In his book Roman Art and Architecture (1985), Mortimer Wheeler notes that “the Ara Pacis is essentially a portrait-gallery of celebrants who screen an altar but dominate the scene.” He memorably adds: “If we would understand the Augustan period – its quiet good manners and its undemonstrative confidence – in a single document, that document is the Ara Pacis Augustae” (p. 165).
The Romans favoured naturalistic portraits and some of the figures can indeed be identified with relative ease, including Augustus himself. Augustus had learned from the mistakes of his adoptive father, Julius Caesar: you can get away with seizing absolute power, provided you don’t make it obvious. Augustus presented himself simply as the defender of the Roman Republic and of Republican values.
In keeping with his famous humility, and quite in contrast to how he is depicted in some private monuments like his statue at Prima Porta or the Gemma Augustea, he is shown here as, essentially, an ordinary citizen. He is a primus inter pares or “first among equals”.
The quiet dignity of the scenes on these reliefs emphasize the order that has been restored by his hand. With the furor (rage, violence) of the civil wars behind them, pietas (piety) reigns supreme. It’s certainly no coindence that the Altar of Peace was constructed on the Field of Mars, the god of war.
His accession in 27 BC is considered to have been the start of the Pax Romana, the Roman Peace, also referred to as the Pax Augusta. For the next two centuries or so, Rome would know mostly peace, interrupted only by relatively minor outbreaks of hostilities, such as the Year of the Four Emperors (AD 69). Only during the reign of Marcus Aurelius (r. AD 161–180) do the first real cracks begin to appear.

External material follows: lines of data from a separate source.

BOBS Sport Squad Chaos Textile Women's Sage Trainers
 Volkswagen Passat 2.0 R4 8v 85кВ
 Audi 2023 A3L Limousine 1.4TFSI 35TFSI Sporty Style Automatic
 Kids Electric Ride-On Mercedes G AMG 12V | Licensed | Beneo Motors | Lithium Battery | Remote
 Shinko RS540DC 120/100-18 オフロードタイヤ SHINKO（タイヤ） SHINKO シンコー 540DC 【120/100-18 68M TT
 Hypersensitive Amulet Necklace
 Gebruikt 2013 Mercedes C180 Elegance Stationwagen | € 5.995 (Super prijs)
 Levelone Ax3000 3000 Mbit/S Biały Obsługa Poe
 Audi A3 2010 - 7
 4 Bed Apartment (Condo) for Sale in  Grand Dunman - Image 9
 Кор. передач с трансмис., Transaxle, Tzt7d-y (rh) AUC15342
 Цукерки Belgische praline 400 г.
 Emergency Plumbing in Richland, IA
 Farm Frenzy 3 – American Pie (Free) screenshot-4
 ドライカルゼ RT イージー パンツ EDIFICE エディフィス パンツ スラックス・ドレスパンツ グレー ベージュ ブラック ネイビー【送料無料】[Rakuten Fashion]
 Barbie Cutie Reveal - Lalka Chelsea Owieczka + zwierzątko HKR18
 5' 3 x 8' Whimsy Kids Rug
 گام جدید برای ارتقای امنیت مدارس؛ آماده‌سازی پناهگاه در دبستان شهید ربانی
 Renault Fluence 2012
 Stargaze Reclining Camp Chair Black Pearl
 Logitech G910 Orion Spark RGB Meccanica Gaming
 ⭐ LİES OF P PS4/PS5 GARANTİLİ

By ordering the creation of the Ara Pacis, Augustus didn’t simply wish to make a monument to celebrate what would later become known as the Pax Romana. Rather, the monument in and of itself became a statement: the peace brought about by Augstus made physical. The altar, with its reliefs celebrating piety, peace, and prosperity, was itself a corner stone of the new world forged by Rome’s first emperor.